## WHAT THE TASK REQUIRES:
Would you output all the lines below precisely as they stand, leaving each picture out?

--------------------------------------------------

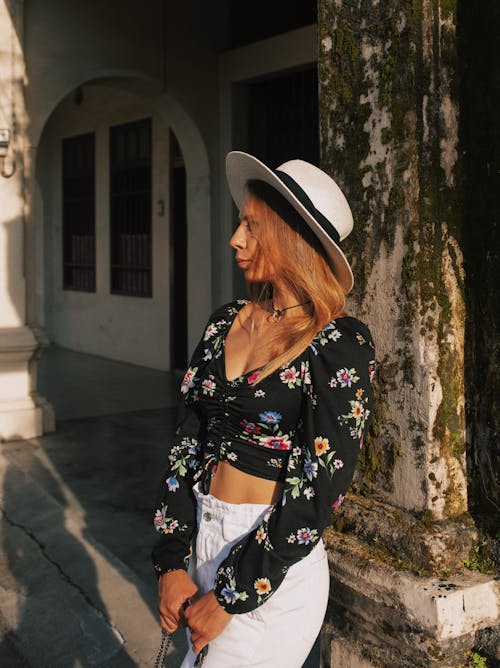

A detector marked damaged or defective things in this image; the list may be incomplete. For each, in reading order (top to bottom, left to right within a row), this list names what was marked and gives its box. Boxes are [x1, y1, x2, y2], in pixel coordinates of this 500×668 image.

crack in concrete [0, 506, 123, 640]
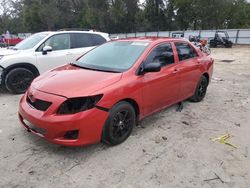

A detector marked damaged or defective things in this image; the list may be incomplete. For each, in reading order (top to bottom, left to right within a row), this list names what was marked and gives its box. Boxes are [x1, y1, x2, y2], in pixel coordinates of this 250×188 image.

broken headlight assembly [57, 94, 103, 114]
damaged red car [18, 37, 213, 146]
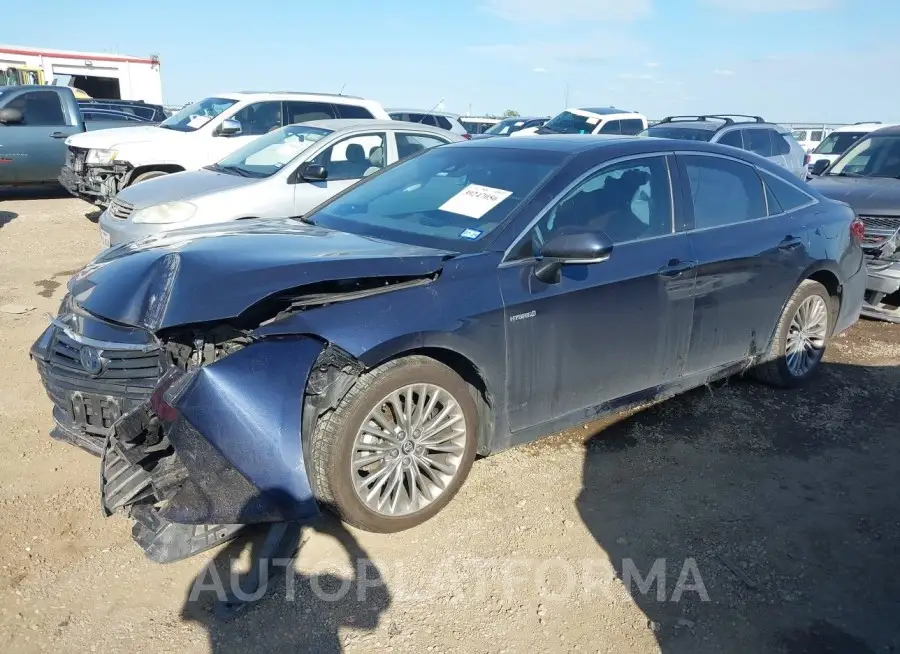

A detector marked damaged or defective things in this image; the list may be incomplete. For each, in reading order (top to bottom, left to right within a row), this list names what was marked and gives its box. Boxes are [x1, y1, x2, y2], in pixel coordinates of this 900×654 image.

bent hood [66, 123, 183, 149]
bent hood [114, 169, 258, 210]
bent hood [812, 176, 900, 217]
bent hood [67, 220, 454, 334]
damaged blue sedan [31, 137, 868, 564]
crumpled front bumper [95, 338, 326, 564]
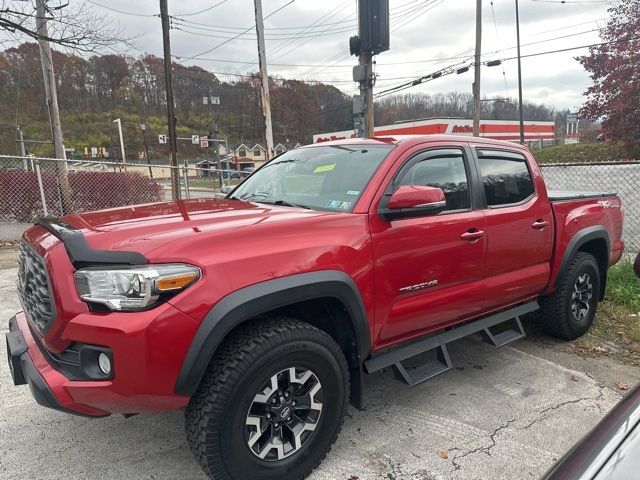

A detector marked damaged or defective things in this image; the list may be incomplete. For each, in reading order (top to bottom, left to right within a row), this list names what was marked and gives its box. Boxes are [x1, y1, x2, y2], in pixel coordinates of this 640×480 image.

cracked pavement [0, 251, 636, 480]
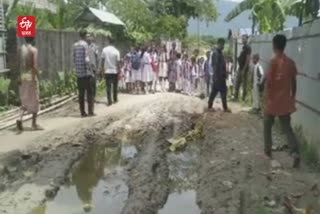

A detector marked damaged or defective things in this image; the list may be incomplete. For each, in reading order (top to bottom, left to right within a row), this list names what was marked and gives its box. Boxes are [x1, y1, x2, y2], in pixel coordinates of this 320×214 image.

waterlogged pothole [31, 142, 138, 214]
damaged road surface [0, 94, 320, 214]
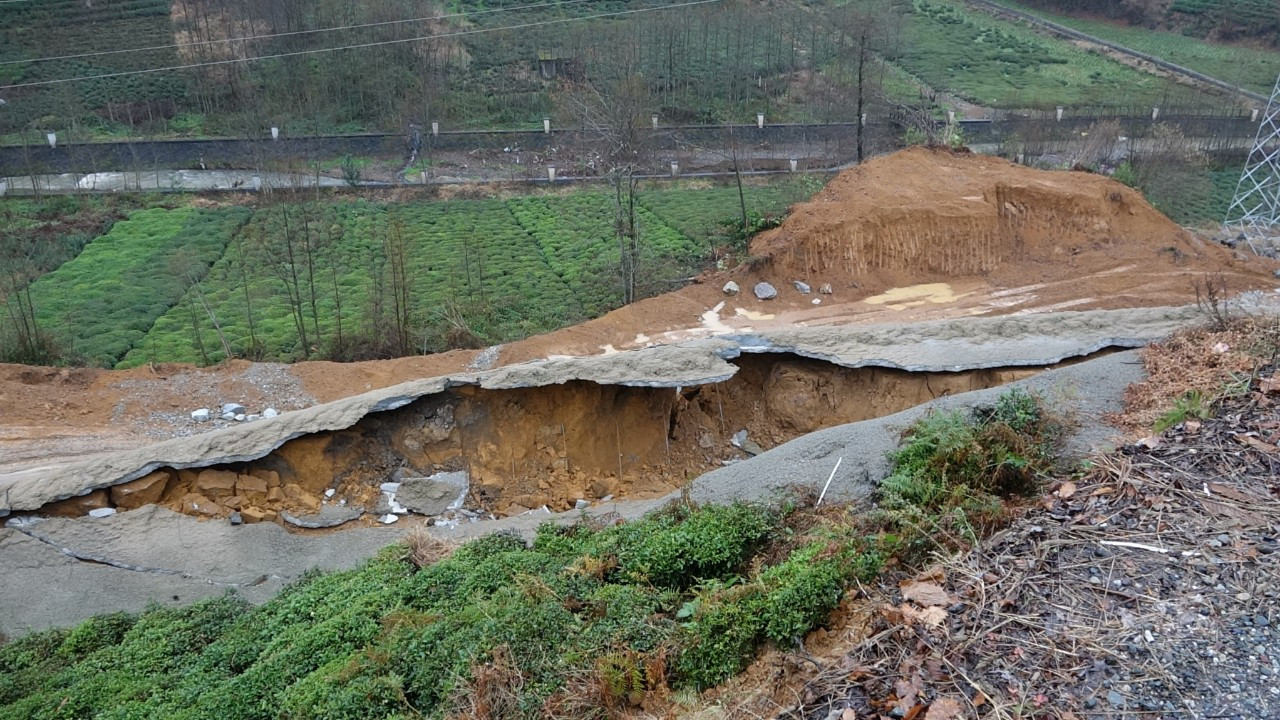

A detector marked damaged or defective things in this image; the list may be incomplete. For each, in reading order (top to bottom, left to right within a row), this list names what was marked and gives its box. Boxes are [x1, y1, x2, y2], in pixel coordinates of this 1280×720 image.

--------------------------------------------------

## EXERCISE SOLUTION:
A detector marked damaged or defective things in this image; the list may be incomplete. For each, in reading order (top to bottom, left to right within a row), this list names what was marked and gives its box. Boxes are [x1, y1, x2, y2], in pixel coordinates of this 500×668 image.

crack in concrete [0, 506, 123, 640]

A detector marked damaged or defective things in this image; the list may be incomplete. For each, in reading order (top to bottom, left to right within a row), this list names what was marked and gives its box. Boxes are [x1, y1, x2, y2], in pixel coordinates of this 250×188 image.

broken headlight assembly [57, 94, 103, 114]
damaged red car [18, 37, 213, 146]

A detector marked damaged or defective things in this image; the list may be incomplete. For each, in reading order (top to bottom, left to right within a row), this list names what was marked and gives its box. Boxes are [x1, y1, x2, y2], in pixel coordinates of this 900×654 image.

bent hood [66, 123, 183, 149]
bent hood [114, 169, 258, 210]
bent hood [812, 176, 900, 217]
bent hood [67, 220, 454, 334]
damaged blue sedan [31, 137, 868, 564]
crumpled front bumper [95, 338, 326, 564]

A detector marked damaged or defective things in this image; the list may be incomplete. For each, in reading order (top to bottom, left to right within a row), this list names what was marked and gives its box. Boxes are [x1, y1, x2, y2], in pixel coordinates of this 640×480 image.

cracked pavement [0, 251, 636, 480]

A detector marked damaged or defective things in this image; the list may be incomplete. For each, in reading order (top to bottom, left to right within a row), this list names what was marked and gives its box. Boxes are [x1, y1, x2, y2], in pixel coordinates of this 320×214 image.

waterlogged pothole [31, 142, 138, 214]
damaged road surface [0, 94, 320, 214]

A detector marked damaged or defective things in this image; the list may be incomplete. For each, in reading order (top to bottom, left to right within a row), this list names what was marked and gives its box. Boxes are [x1, y1, x2, y2], in pixel coordinates of this 1280×720 image.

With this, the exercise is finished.